ACTIVITY:
Return all of the records exactly.

Short web captions
────────────────────

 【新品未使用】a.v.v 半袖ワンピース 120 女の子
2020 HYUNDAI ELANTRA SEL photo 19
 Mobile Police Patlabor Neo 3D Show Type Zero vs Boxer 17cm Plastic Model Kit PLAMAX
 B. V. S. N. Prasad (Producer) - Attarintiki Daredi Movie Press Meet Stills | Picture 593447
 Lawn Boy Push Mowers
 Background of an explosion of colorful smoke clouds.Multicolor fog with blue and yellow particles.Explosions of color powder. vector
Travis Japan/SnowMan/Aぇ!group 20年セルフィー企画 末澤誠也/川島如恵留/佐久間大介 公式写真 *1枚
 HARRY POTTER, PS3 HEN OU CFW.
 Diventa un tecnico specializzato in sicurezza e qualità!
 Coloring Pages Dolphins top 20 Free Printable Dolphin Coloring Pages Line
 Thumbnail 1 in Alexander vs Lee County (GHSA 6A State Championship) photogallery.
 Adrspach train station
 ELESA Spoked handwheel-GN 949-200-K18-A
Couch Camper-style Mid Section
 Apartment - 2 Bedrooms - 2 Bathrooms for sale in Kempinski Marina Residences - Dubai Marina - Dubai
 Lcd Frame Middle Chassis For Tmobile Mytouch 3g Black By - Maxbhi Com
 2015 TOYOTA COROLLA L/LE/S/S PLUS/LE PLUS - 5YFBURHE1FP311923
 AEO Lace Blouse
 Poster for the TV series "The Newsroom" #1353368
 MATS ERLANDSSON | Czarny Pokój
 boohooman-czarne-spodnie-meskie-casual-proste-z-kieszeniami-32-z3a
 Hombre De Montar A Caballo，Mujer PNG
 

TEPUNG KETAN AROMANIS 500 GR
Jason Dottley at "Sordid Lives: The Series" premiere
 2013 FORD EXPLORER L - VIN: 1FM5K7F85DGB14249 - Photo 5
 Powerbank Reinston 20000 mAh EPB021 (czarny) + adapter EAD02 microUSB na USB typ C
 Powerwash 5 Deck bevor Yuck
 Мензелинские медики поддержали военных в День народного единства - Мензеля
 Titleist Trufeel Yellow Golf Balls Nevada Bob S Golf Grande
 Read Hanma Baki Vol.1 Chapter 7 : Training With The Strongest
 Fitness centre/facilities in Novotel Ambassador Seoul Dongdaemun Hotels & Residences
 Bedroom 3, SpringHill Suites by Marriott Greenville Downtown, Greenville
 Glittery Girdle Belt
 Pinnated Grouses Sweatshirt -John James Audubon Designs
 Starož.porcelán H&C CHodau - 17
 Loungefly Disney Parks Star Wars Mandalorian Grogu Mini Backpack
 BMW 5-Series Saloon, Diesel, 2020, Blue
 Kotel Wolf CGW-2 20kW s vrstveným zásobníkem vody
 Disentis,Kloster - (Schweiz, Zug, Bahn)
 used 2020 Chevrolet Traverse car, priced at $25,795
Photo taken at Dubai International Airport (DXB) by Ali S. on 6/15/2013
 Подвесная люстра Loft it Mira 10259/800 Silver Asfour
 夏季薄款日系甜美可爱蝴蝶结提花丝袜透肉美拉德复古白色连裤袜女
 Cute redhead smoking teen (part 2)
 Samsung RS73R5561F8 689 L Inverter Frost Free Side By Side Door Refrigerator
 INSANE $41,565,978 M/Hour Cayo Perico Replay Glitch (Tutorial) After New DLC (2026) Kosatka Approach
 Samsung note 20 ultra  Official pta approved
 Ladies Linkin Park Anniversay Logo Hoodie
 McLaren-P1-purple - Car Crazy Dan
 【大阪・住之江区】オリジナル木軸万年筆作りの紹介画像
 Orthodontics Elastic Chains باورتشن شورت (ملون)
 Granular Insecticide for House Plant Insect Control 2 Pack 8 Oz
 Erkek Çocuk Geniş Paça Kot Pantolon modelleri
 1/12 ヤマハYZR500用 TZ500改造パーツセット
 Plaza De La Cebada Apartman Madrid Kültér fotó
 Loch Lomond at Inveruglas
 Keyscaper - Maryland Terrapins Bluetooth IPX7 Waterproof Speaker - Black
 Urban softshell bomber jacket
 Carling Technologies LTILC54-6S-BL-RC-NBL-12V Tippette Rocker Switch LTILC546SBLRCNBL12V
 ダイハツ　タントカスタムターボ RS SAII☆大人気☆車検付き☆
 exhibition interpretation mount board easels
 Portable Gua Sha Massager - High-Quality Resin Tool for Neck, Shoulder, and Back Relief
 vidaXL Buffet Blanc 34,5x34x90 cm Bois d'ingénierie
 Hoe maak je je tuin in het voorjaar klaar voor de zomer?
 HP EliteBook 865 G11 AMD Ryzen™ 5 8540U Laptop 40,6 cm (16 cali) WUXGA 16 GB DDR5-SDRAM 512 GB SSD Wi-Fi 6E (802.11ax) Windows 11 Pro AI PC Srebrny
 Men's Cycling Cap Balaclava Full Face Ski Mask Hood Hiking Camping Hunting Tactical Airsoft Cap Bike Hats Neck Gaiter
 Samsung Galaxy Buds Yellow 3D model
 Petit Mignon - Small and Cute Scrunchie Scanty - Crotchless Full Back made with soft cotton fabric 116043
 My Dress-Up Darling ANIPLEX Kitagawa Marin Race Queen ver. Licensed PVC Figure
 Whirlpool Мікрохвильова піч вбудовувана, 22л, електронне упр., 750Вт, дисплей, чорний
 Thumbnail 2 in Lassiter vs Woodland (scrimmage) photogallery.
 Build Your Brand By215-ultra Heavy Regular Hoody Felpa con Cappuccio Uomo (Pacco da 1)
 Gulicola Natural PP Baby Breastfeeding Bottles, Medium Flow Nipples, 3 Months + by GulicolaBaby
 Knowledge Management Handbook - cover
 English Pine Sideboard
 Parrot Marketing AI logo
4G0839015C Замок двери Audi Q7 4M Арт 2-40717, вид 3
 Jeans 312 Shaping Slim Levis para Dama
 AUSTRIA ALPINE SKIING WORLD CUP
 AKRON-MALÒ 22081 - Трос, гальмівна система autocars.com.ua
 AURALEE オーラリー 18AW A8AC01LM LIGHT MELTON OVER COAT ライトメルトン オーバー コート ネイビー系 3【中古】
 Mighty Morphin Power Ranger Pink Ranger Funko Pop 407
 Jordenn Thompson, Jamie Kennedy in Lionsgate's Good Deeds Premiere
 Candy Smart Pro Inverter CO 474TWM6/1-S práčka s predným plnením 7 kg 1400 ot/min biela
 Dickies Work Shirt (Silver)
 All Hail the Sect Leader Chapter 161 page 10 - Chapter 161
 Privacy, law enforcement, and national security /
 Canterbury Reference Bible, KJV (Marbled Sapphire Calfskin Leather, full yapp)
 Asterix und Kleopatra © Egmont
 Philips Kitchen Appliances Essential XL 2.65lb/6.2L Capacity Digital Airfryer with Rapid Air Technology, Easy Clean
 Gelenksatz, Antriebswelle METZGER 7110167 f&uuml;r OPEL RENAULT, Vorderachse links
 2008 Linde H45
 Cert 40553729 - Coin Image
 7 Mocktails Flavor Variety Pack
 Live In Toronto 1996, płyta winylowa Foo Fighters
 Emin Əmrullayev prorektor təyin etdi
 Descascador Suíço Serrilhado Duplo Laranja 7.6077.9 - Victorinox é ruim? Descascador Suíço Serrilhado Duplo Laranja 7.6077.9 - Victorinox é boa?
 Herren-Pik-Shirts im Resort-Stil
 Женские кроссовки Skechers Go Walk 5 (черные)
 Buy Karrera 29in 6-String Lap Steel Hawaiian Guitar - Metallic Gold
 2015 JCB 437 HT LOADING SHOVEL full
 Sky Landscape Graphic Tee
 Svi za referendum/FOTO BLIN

────────────────────

ANSWER SPACE:
 【新品未使用】a.v.v 半袖ワンピース 120 女の子
2020 HYUNDAI ELANTRA SEL photo 19
 Mobile Police Patlabor Neo 3D Show Type Zero vs Boxer 17cm Plastic Model Kit PLAMAX
 B. V. S. N. Prasad (Producer) - Attarintiki Daredi Movie Press Meet Stills | Picture 593447
 Lawn Boy Push Mowers
 Background of an explosion of colorful smoke clouds.Multicolor fog with blue and yellow particles.Explosions of color powder. vector
Travis Japan/SnowMan/Aぇ!group 20年セルフィー企画 末澤誠也/川島如恵留/佐久間大介 公式写真 *1枚
 HARRY POTTER, PS3 HEN OU CFW.
 Diventa un tecnico specializzato in sicurezza e qualità!
 Coloring Pages Dolphins top 20 Free Printable Dolphin Coloring Pages Line
 Thumbnail 1 in Alexander vs Lee County (GHSA 6A State Championship) photogallery.
 Adrspach train station
 ELESA Spoked handwheel-GN 949-200-K18-A
Couch Camper-style Mid Section
 Apartment - 2 Bedrooms - 2 Bathrooms for sale in Kempinski Marina Residences - Dubai Marina - Dubai
 Lcd Frame Middle Chassis For Tmobile Mytouch 3g Black By - Maxbhi Com
 2015 TOYOTA COROLLA L/LE/S/S PLUS/LE PLUS - 5YFBURHE1FP311923
 AEO Lace Blouse
 Poster for the TV series "The Newsroom" #1353368
 MATS ERLANDSSON | Czarny Pokój
 boohooman-czarne-spodnie-meskie-casual-proste-z-kieszeniami-32-z3a
 Hombre De Montar A Caballo，Mujer PNG
 

TEPUNG KETAN AROMANIS 500 GR
Jason Dottley at "Sordid Lives: The Series" premiere
 2013 FORD EXPLORER L - VIN: 1FM5K7F85DGB14249 - Photo 5
 Powerbank Reinston 20000 mAh EPB021 (czarny) + adapter EAD02 microUSB na USB typ C
 Powerwash 5 Deck bevor Yuck
 Мензелинские медики поддержали военных в День народного единства - Мензеля
 Titleist Trufeel Yellow Golf Balls Nevada Bob S Golf Grande
 Read Hanma Baki Vol.1 Chapter 7 : Training With The Strongest
 Fitness centre/facilities in Novotel Ambassador Seoul Dongdaemun Hotels & Residences
 Bedroom 3, SpringHill Suites by Marriott Greenville Downtown, Greenville
 Glittery Girdle Belt
 Pinnated Grouses Sweatshirt -John James Audubon Designs
 Starož.porcelán H&C CHodau - 17
 Loungefly Disney Parks Star Wars Mandalorian Grogu Mini Backpack
 BMW 5-Series Saloon, Diesel, 2020, Blue
 Kotel Wolf CGW-2 20kW s vrstveným zásobníkem vody
 Disentis,Kloster - (Schweiz, Zug, Bahn)
 used 2020 Chevrolet Traverse car, priced at $25,795
Photo taken at Dubai International Airport (DXB) by Ali S. on 6/15/2013
 Подвесная люстра Loft it Mira 10259/800 Silver Asfour
 夏季薄款日系甜美可爱蝴蝶结提花丝袜透肉美拉德复古白色连裤袜女
 Cute redhead smoking teen (part 2)
 Samsung RS73R5561F8 689 L Inverter Frost Free Side By Side Door Refrigerator
 INSANE $41,565,978 M/Hour Cayo Perico Replay Glitch (Tutorial) After New DLC (2026) Kosatka Approach
 Samsung note 20 ultra  Official pta approved
 Ladies Linkin Park Anniversay Logo Hoodie
 McLaren-P1-purple - Car Crazy Dan
 【大阪・住之江区】オリジナル木軸万年筆作りの紹介画像
 Orthodontics Elastic Chains باورتشن شورت (ملون)
 Granular Insecticide for House Plant Insect Control 2 Pack 8 Oz
 Erkek Çocuk Geniş Paça Kot Pantolon modelleri
 1/12 ヤマハYZR500用 TZ500改造パーツセット
 Plaza De La Cebada Apartman Madrid Kültér fotó
 Loch Lomond at Inveruglas
 Keyscaper - Maryland Terrapins Bluetooth IPX7 Waterproof Speaker - Black
 Urban softshell bomber jacket
 Carling Technologies LTILC54-6S-BL-RC-NBL-12V Tippette Rocker Switch LTILC546SBLRCNBL12V
 ダイハツ　タントカスタムターボ RS SAII☆大人気☆車検付き☆
 exhibition interpretation mount board easels
 Portable Gua Sha Massager - High-Quality Resin Tool for Neck, Shoulder, and Back Relief
 vidaXL Buffet Blanc 34,5x34x90 cm Bois d'ingénierie
 Hoe maak je je tuin in het voorjaar klaar voor de zomer?
 HP EliteBook 865 G11 AMD Ryzen™ 5 8540U Laptop 40,6 cm (16 cali) WUXGA 16 GB DDR5-SDRAM 512 GB SSD Wi-Fi 6E (802.11ax) Windows 11 Pro AI PC Srebrny
 Men's Cycling Cap Balaclava Full Face Ski Mask Hood Hiking Camping Hunting Tactical Airsoft Cap Bike Hats Neck Gaiter
 Samsung Galaxy Buds Yellow 3D model
 Petit Mignon - Small and Cute Scrunchie Scanty - Crotchless Full Back made with soft cotton fabric 116043
 My Dress-Up Darling ANIPLEX Kitagawa Marin Race Queen ver. Licensed PVC Figure
 Whirlpool Мікрохвильова піч вбудовувана, 22л, електронне упр., 750Вт, дисплей, чорний
 Thumbnail 2 in Lassiter vs Woodland (scrimmage) photogallery.
 Build Your Brand By215-ultra Heavy Regular Hoody Felpa con Cappuccio Uomo (Pacco da 1)
 Gulicola Natural PP Baby Breastfeeding Bottles, Medium Flow Nipples, 3 Months + by GulicolaBaby
 Knowledge Management Handbook - cover
 English Pine Sideboard
 Parrot Marketing AI logo
4G0839015C Замок двери Audi Q7 4M Арт 2-40717, вид 3
 Jeans 312 Shaping Slim Levis para Dama
 AUSTRIA ALPINE SKIING WORLD CUP
 AKRON-MALÒ 22081 - Трос, гальмівна система autocars.com.ua
 AURALEE オーラリー 18AW A8AC01LM LIGHT MELTON OVER COAT ライトメルトン オーバー コート ネイビー系 3【中古】
 Mighty Morphin Power Ranger Pink Ranger Funko Pop 407
 Jordenn Thompson, Jamie Kennedy in Lionsgate's Good Deeds Premiere
 Candy Smart Pro Inverter CO 474TWM6/1-S práčka s predným plnením 7 kg 1400 ot/min biela
 Dickies Work Shirt (Silver)
 All Hail the Sect Leader Chapter 161 page 10 - Chapter 161
 Privacy, law enforcement, and national security /
 Canterbury Reference Bible, KJV (Marbled Sapphire Calfskin Leather, full yapp)
 Asterix und Kleopatra © Egmont
 Philips Kitchen Appliances Essential XL 2.65lb/6.2L Capacity Digital Airfryer with Rapid Air Technology, Easy Clean
 Gelenksatz, Antriebswelle METZGER 7110167 f&uuml;r OPEL RENAULT, Vorderachse links
 2008 Linde H45
 Cert 40553729 - Coin Image
 7 Mocktails Flavor Variety Pack
 Live In Toronto 1996, płyta winylowa Foo Fighters
 Emin Əmrullayev prorektor təyin etdi
 Descascador Suíço Serrilhado Duplo Laranja 7.6077.9 - Victorinox é ruim? Descascador Suíço Serrilhado Duplo Laranja 7.6077.9 - Victorinox é boa?
 Herren-Pik-Shirts im Resort-Stil
 Женские кроссовки Skechers Go Walk 5 (черные)
 Buy Karrera 29in 6-String Lap Steel Hawaiian Guitar - Metallic Gold
 2015 JCB 437 HT LOADING SHOVEL full
 Sky Landscape Graphic Tee
 Svi za referendum/FOTO BLIN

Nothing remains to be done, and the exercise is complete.